Ohne den global real schon viel zu lange praktizierten und alles – die Natur und die Lebewesen, wie auch Mutter Erde Selbst – ausbeutenden und vereinnahmenden Kapitalismus, wäre so eine oligarche Herrschaftsschicht gar nie erst entstanden, ja hätte gar nie entstehen können, zumindest nicht mit dieser massiven, und in ihren Auswüchsen fatalen – von den Völkern der Erde durch Stillschweigen und/oder mitmachen abgesegneten! – Machtfülle.

Der einzelne Bürger hat darin schlicht nichts mehr zu sagen – allerhöchstens zum schönen Scheine, zur Belustigung und zur Volksberuhigung -, wird auch nicht mal ansatzweise ernst genommen von den Oberen und den Hinteren, sondern wird in systemimmanenten Zwängen im Hamsterrad gefangen gehalten, während die Umverteilung von unten nach oben – Zinseszinseffekt, Bail-Out-Programme, Wachstumspakte, et cetera sei Dank – ihren Lauf nimmt, die Schere zwischen Arm und Reich weiter ausneinanderdriftet und Mutter Erde unter der erdrückenden Last der Plünderung aufstöhnt und ächzt!

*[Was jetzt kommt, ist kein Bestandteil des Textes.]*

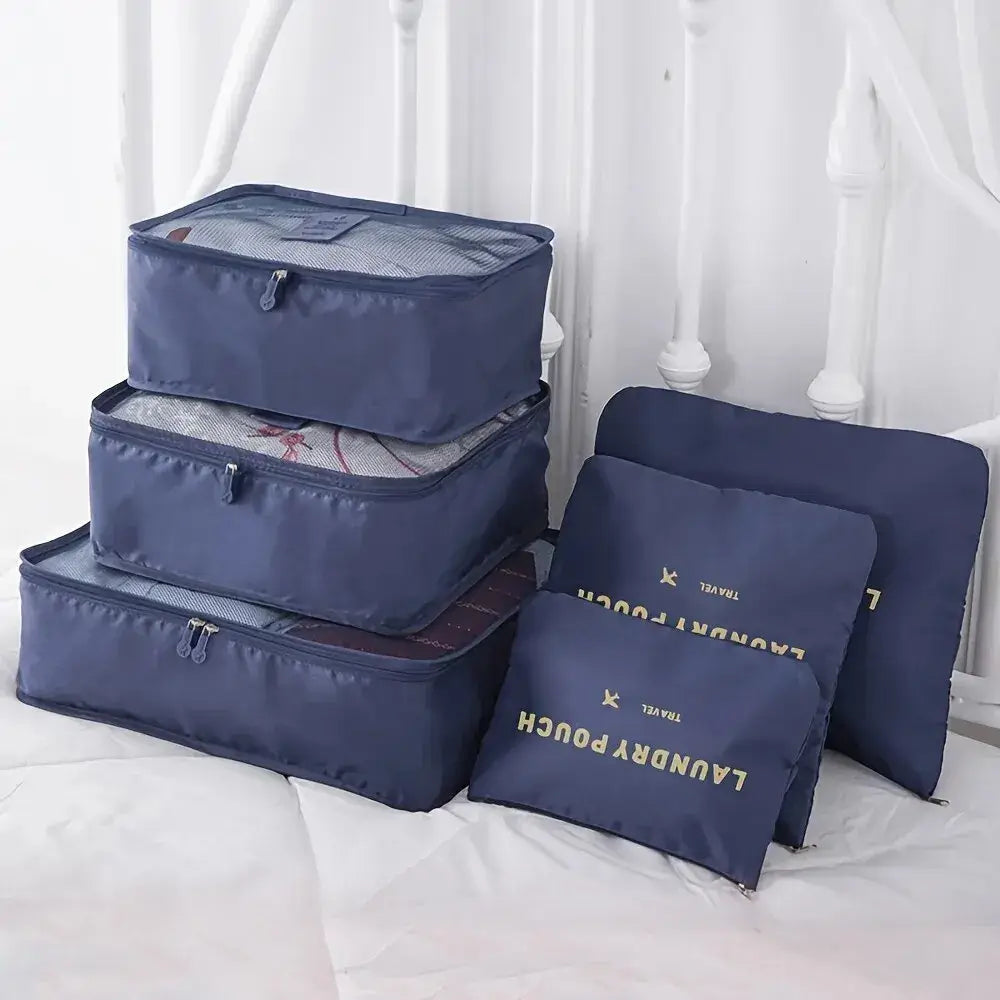 6pcs blue travel packing cubes for organized storage of clothes, shoes, and accessories.
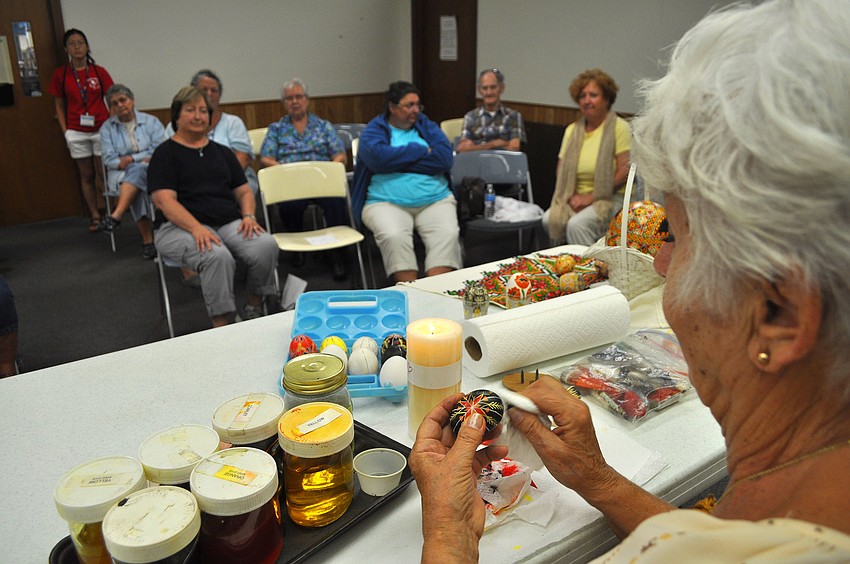 Tetiana Silecky wipes off the excess bees wax from her egg at the end of her demonstration at the Gulf Gate Library on Tuesday.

Ja, unbestreitbar stellt die Schweiz – Direkte Demokratie sei Dank – hierbei noch mehr oder minder eine Ausnahme dar, da die Bürger – dank Volks-Initiativrecht – eben doch noch ein bisschen was zu sagen haben, und alsomit, im Vergleich zum Umland, hierbei klar privilegiert sind, und dennoch regieren auch in Helvetien die uralten Herrschaftsmethoden ‚Divide et Impera‘ (Teile und Herrsche), ‚Panem et Circenses (Gebt ihnen Brot und Spiele), sowie ‚Saccharum et Flagellum‘ (freie Übersetzung für Zuckerbrot und Peitsche – falls jemand eine bessere Übersetzung dafür hat, bitte her damit!), mittels denen die Untertanen bei Stange gehalten werden sollen und (leider noch immer) auch werden.

Dass es allerdings auch anders geht, beweisen sie in mehreren Ländern auf dem südlichen amerikanischen Kontinent.

Hier ein paar eindrückliche Beispiele dazu:
– „Mutter-Erde-Gesetz“ verabschiedet
– „Ende des Kapitalismus“: Coca-Cola und McDonald’s ziehen aus Bolivien ab
Immer weniger Menschen in Bolivien leiden unter extremer Armut!
Bolivien verstaatlicht spanischen Stromkonzern
Ecuadors Präsident bittet Banken zur Kasse

Evo Morales, Rafael Correa und andere haben schon längst BEWIESEN!, dass ein starker Staat jenseits des Kapitalismus durchaus zum besten Nutzen fürs Volk eingesetzt werden kann, und nicht zwingend – wie in den meisten Ländern der Erde – nur dazu dienen muss, die Oberen zu privilegieren, während die Unteren ausgeblutet werden!